Camille Van Deputte is a postdoctoral researcher at the School of Anthropology and Ethnography Museum (SAME) and works with Professor Ramon Sarró. She is a recipient of the Fyssen Foundation scholarship, which offers junior scholars the opportunity to conduct postdoctoral research in prestigious university as Oxford University.
She defended her PhD thesis in social anthropology at Paris Nanterre University (France) in December 2023 titled “Êtres obligés. Jeunes hommes, femmes âgées et devineresses dans la région de Korhogo (Côte d’Ivoire)1” as a member of Laboratoire d’Ethnologie et de Sociologie Comparative (LESC).

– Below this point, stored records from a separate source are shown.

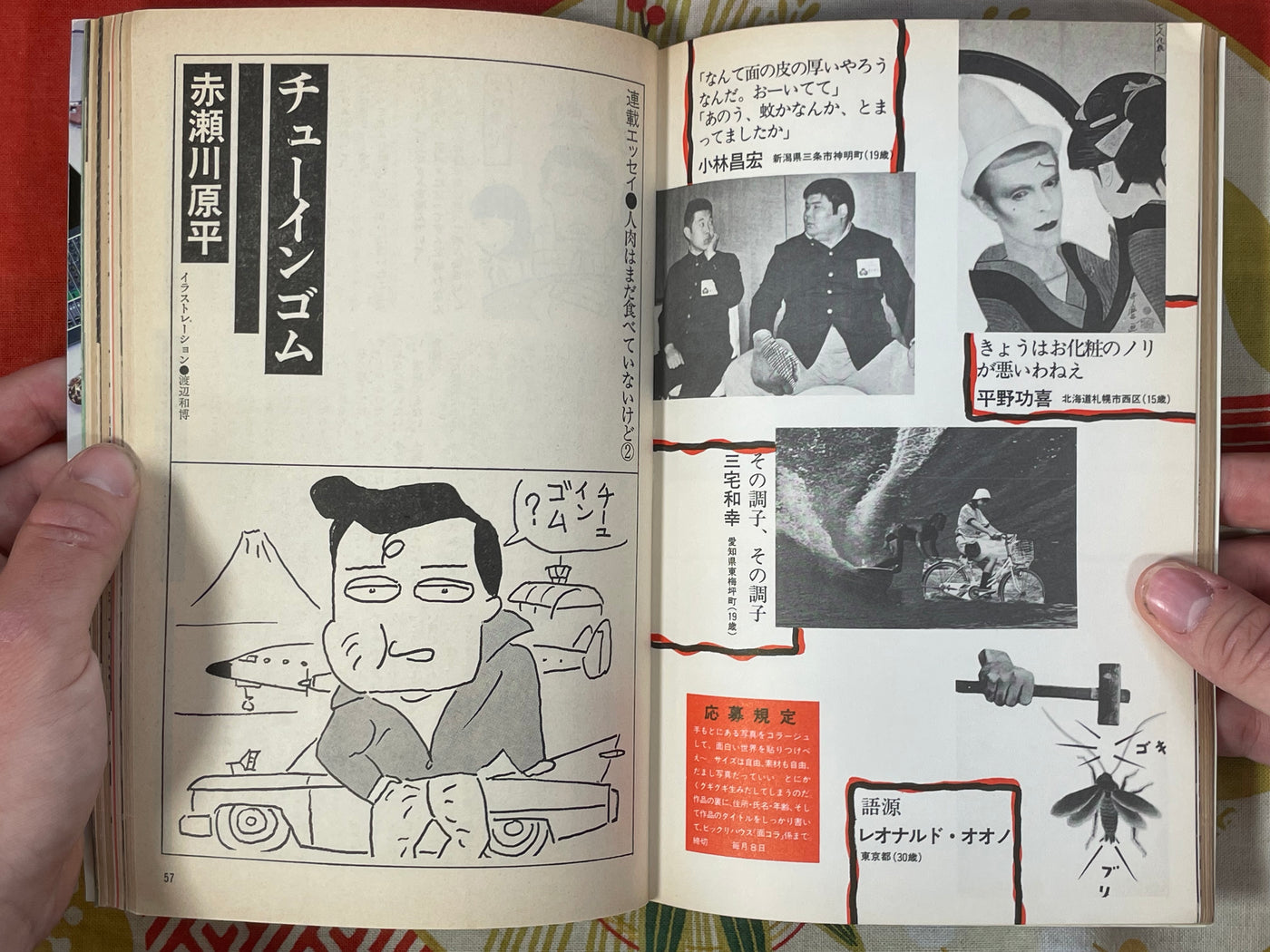 Bikkuri House Magazine 11 (1981/11)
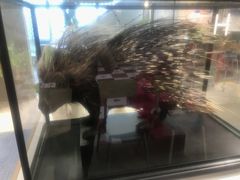 -BEAST野兽派(上海浦东嘉里城店)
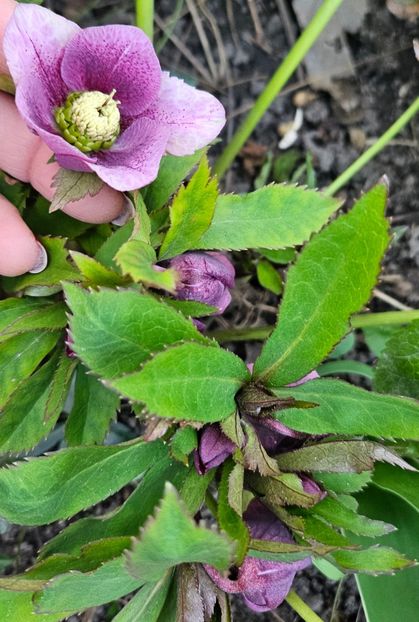  - Spanz 2017 2023 2024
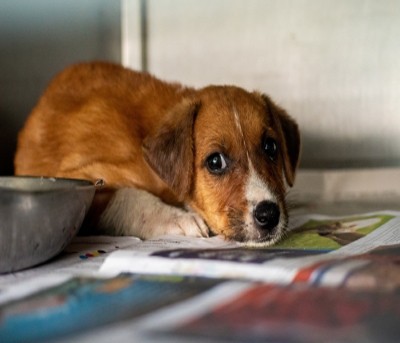 Delhi: Angry over dog's barking, man assaults pet, its owner & 2 others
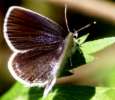 Schmetterlinge: Kurzschwnziger
                                    Bluling weiblich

Based on ethnography conducted among young men, elderly women and diviners in the Korhogo region of Ivory Coast, her PhD thesis explores the everyday implementation of ties of interdependency and solidarities, which she calls relations of obligation. These relations contribute to the position of such persons in the social hierarchy. Young men remain as dependents despite their age and their aspirations to become heads of household. As a consequence of old age and widowhood, elderly women struggle for their livelihood. While attempting to uphold their responsibilities towards their offspring, especially their grand-children, they are increasingly dependent on the assistance of others. Insofar as diviners are concerned, they must constantly negotiate with both members of their human entourage and with the entities that have elected them (ancestors, spirits), whose interests are often opposed. Obligation, as a relational modality, opens up a new understanding of the everyday structuring of social relationships as much as of the personal experiences of youth, old age and the condition of being chosen by an invisible entity.